A new garden area was plowed recently and tilled yesterday.  When you’re growing veggies on a schedule you have to push the limits sometimes.  Parts of the garden were a still a little wet (clayey streaks in the soil) but most of it tilled up very nicely.  Now to spread manure and till again.  This will be the home for most of the tomato plants. 

The corn/potato/sweet potato/winter squash field was plowed yesterday.  This field is on a gentle southward slope so it dries quicker than the other gardens on the farm.  This field can rest for a few weeks before time to “dig in” there.

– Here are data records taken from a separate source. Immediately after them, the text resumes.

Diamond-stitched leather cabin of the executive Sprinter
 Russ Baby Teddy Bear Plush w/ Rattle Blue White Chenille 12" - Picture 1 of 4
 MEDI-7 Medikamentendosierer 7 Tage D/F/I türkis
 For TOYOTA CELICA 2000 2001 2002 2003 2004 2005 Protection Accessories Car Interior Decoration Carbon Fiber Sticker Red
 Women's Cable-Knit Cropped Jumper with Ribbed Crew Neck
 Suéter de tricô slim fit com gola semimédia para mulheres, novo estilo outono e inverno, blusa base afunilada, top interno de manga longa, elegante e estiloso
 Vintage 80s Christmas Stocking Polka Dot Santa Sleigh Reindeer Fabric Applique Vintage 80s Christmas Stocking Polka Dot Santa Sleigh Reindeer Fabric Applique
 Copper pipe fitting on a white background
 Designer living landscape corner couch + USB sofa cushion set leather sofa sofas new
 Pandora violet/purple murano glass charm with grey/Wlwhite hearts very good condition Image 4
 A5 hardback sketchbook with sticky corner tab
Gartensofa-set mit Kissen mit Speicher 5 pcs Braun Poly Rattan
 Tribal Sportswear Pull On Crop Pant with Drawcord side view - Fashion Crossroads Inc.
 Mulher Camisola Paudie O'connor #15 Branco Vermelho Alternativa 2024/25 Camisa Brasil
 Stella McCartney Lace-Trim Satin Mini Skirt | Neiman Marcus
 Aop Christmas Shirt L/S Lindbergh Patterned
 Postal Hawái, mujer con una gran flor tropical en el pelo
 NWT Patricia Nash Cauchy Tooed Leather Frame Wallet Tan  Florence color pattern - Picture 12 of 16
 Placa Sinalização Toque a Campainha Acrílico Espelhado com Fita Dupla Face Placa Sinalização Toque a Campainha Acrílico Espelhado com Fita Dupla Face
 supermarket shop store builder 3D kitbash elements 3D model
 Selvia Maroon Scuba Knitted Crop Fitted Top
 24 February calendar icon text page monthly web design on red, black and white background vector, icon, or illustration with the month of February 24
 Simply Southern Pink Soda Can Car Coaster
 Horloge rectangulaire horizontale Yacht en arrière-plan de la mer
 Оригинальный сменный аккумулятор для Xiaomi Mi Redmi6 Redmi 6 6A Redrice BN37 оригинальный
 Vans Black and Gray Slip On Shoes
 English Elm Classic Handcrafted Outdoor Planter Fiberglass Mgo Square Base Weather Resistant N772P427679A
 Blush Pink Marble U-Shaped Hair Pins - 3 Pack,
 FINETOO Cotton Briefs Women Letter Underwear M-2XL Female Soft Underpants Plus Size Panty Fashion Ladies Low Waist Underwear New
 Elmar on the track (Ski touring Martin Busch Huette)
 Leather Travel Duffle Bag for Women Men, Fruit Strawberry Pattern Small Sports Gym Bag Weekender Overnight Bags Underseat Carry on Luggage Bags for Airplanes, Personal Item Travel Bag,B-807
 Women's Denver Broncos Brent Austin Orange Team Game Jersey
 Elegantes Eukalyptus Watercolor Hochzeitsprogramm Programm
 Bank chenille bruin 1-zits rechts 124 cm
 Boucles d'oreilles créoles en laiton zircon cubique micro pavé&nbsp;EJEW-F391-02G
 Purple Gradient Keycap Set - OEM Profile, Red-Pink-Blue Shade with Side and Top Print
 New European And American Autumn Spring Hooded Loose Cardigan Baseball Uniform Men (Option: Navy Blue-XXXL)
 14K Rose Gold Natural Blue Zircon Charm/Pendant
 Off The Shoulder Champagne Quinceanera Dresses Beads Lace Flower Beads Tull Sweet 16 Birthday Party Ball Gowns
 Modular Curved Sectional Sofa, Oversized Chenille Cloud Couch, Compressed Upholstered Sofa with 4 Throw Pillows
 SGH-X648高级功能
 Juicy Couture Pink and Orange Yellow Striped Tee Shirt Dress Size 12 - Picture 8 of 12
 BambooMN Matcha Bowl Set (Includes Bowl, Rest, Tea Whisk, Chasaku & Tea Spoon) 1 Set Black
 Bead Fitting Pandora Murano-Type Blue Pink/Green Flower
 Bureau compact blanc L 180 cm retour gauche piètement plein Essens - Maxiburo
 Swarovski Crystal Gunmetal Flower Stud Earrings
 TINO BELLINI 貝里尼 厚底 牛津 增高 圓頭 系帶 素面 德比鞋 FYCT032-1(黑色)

When do CSA farmers plant?  Well, I would say every day–it takes every day planting to have a continuous harvest all season.  This time of year I watch the propagation mats with an eagle eye—every time a flat germinates it goes off into the greenhouse and another flat of “I need heat to germinate” seeds goes on.  Then I watch the flats to catch them as soon as they are ready to separate into cell packs and move into the cold frame set up outside the greenhouse.  One cold frame is filled up; another one will be set up tomorrow. 

Today is also rainy.  I made a batch of peppermint/oatmeal soap, tie-dyed a few shirts, fed all the critters, potted up two flats of tomatoes and sowed more lettuce, herbs, and a few flower seeds in the greenhouse.  Gotta keep “rockin on” no matter the weather!

Get to know your veggies–Broccoli

Remember when we were kids how disgusting broccoli was?  The only broccoli I remember being offered was the frozen stuff which I suppose remotely resembled broccoli.  The ONLY thing that made it palatable was the melted Velveeta on top.  I don’t even remember anyone growing broccoli when I was a kid, come to think of it.

Broccoli is a member of the brassica family, along with cabbage, kohlrabi, brussels sprouts, and cauliflower, to name a few.  Broccoli is a little tricky to grow, I must say.  It needs to be timed so it matures in cool weather, meaning spring or fall.  I’ve had more success with it in the fall (except last year, the broccoli didn’t learn how to swim so it drowned a slow, terrible, slimy death (oops, sorry–I keep obsessing about all the rain last year)….back to the present.  The best broccoli I ever grew was in the spring, in a brand new garden bed that only gets about 6 hours of sun a day (the farm is at the foot of a mountain).  The plants were huge and the heads were awesome as well.

Broccoli is prone to those cabbage moth worms, but to take care of them, I spray Bt on the plants every few days and that usually takes care of the problem.  I’ve tried floating row covers, but somehow those moths always manage to get in there and lay their eggs so not only do I not know the moths are flying about right away, I’m usually greeted by a crowd of worms upon removing the cover from the crop.  Also, I think the row cover tends to make the plants too warm, making them tend to bolt quicker.  This year I’ve purchased diatomaceous earth which is supposed to kill these cabbage worms by slicing their skin and causing them to deydrate—I can’t wait to see that!  (we gardeners get sadistic sometimes, you know…..)

Broccoli is one of the most nutritious veggies we can eat.  Broccoli is high in vitamins C, K, and A, as well as fiber.  It also contains several anti-cancer compounds, and a half-cup provides 52 mg of Vitamin C.  The benefits of broccoli are greatly reduced if the vegetable is boiled more than ten minutes, so a slight nuke in the microwave or just eating it raw would be better than cooking it very much.  Studies have also shown that eating A LOT of broccoli slows down agressive prostate cancer (I’m not sure how much A LOT is) and broccoli is good for your heart.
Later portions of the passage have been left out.